5. Assurer la transparence et la responsabilité dans la gestion des prisons :
Des mécanismes de suivi indépendant, impliquant des ONG et des institutions de défense des droits de l’homme, devraient être mis en place pour veiller à ce que les prisons respectent les normes internationales. Une transparence accrue et la responsabilisation des gestionnaires éviteront les abus et les évasions massives.

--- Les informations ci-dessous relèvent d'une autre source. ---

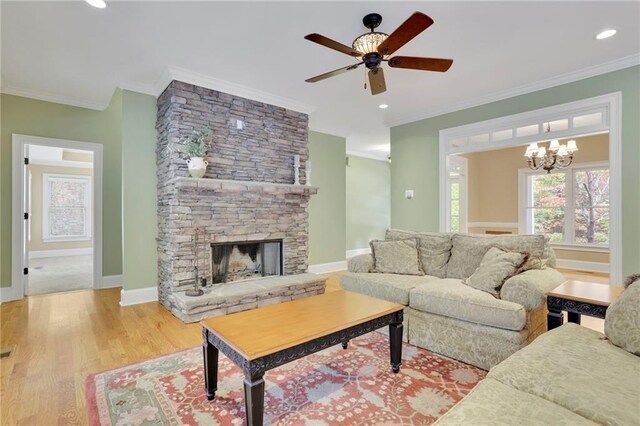 living room featuring crown molding, light hardwood / wood-style flooring, a fireplace, and ceiling fan with notable chandelier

6. Utiliser les nouvelles technologies pour la surveillance
Il est important de mettre en œuvre un système de couverture total des espaces carcéraux par des caméras digitales qui soient en réseau et travaillant sur internet pour que les images en directs soient suivis par le ministère de la justice et toute la chaîne du directoire carceral.

Conclusion

L’incident tragique de Makala appelle à une réaction ferme, mais aussi à une réforme globale de notre système carcéral. Si la suspension et les poursuites engagées contre le directeur de la prison sont un pas dans la bonne direction, il reste beaucoup à faire pour humaniser et sécuriser nos prisons. Il en va non seulement de la dignité des détenus, mais aussi de la sécurité publique et de la crédibilité de nos institutions judiciaires. Le gouvernement doit saisir cette opportunité pour refonder un système carcéral qui soit à la hauteur des valeurs de justice et de respect des droits humains, et pour prévenir de futures tragédies similaires.